Maine expands Medicaid by referendum with 60 percent approval News
Maine expands Medicaid by referendum with 60 percent approval

Residents of Maine on Tuesday voted to expand access to Medicaid [text] to an additional 70,000 low-income individuals under the Affordable Care Act (ACA) [text, PDF], making it the first state to implement this expansion by referendum. Maine was one of the remaining 19 states that refused to expand Medicaid under the ACA, and the referendum passed with 60% of the vote [Ballotpedia materials].

Maine Governor Paul LePage vetoed the previous five attempts by the State Legislature to expand the program.

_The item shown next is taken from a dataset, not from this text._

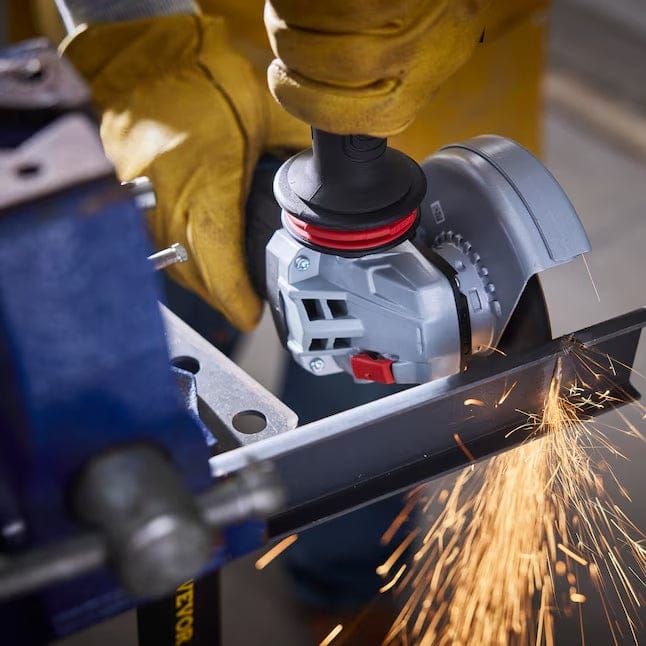 An operator wearing yellow protective gloves uses the Bosch 5-inch angle grinder to cut through a metal L-bracket secured in a blue vise, demonstrating heavy-duty metal cutting capabilities with sparks flying.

Responding [press release] to approval of the referendum, LePage said

The last time Maine experimented with Medicaid expansion in 2002 under then-governor Angus King, it created a $750 million debt to hospitals, resulted in massive budget shortfalls every year, did not reduce emergency room use, did not reduce the number of uninsured Mainers and took resources away from our most vulnerable residents – the elderly and the intellectually and physically disabled – Therefore, my administration will not implement Medicaid expansion until it has been fully funded by the Legislature at the levels [Department of Health and Human Services] has calculated, and I will not support increasing taxes on Maine families, raiding the rainy day fund or reducing services to our elderly or disabled.

Maine’s [Department of Health and Human Services (DHHS) [official website] estimates that this expansion will cost Maine taxpayers approximately $315 million over the next five years. Furthermore, DHHS claims the expansion would not affect children or pregnant women [press release] but instead would “allow childless, able-bodied adults into the program and increase eligibility for parents of dependent children.” Most of these individuals already have access to subsidized health care under the current system.

Maine’s results come as proponents in other holdout states, including Utah [Salt Lake Tribune report] and Idaho [Bloomberg report], have taken steps to get the Medicaid expansion issue on their respective state ballots in 2018.